Other interesting Facts About Angola:
- Angola’s ANTHEM is Angola Avanti (Onward Angola) and was adopted as the national anthem in November 1975, when the country gained its independence from Portugal. The lyrics make reference to several key events of the People's Movement for the Liberation of Angola (MPLA), which has been in power since independence and was the only party in Angola until 1992.
- Angola's economy is one of the world's fastest growing - Between 1994 and 2004, Angola had one of the world's fastest-growing economies. Recent programs set in place by President Joao Lourenco will ensure another boom in the economy.
- Angola is very rich in natural resources - The country is the 2nd largest oil and diamond producer in sub-Saharan Africa
- Luanda is known as the " Paris of Africa" - This title is apparently due to the city's sophisticated culture and atmosphere.
- Angola gained independence in 1975 - The country got independence from Portugal on November 11, 1975. It is the last country in Africa to gain independence from Portugal.
- Civil war lasted from independence (1975) to 2002 - After Angola gained independence, the country went through a long period of civil war, causing millions of lives to be lost.
- Angola has a very young population - Interestingly, nearly 70% of the population in Angola is under the age of 24.
- The name of the country is derived from the Kimbundu word N'gola, meaning King - N'gola (King) Kiluange was the king of the Ndongo Kingdom at the time of the Portuguese arrival in what is now Angola.
- The local currency is called the Kwanza (AOA) - 1 USD is about 286 Kwanza.

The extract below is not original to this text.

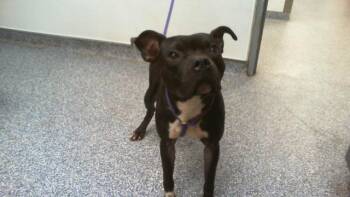 NORM -  Pit Bull Terrier Dog for Adoption in Charlotte, North Carolina - NORM | PetCurious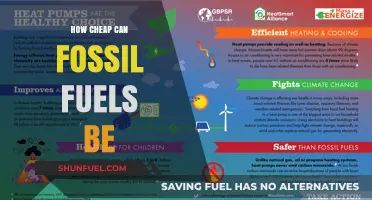 Unveiling the True Cost: How Cheap Can Fossil Fuels Really Be?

- The Angolan flag is red, black and gold - The red part of the flag represents the blood of Angolans killed in conflicts, the black represents the Angolan people, and as for the gold parts - the cogwheel represents industry, the gold machete represents peasantry, and the gold star is modeled after the star on the flag of the former Soviet Union.
- Angola's traditional music is the semba - Brazilian samba is believed to have originated in Angola, where it's known as "semba". The two are very similar. Angolan semba was danced to celebrate different occasions and is known as the music of the sea.
- Angola's national tree is the majestic imbondeiro - There is one tree that is special to Angolans, called "imbondeiro". There was a popular belief that God planted this tree, also known as "Boabob" upside down. The unusual looking imbondeiro tree can be found growing all over the country and on local artwork.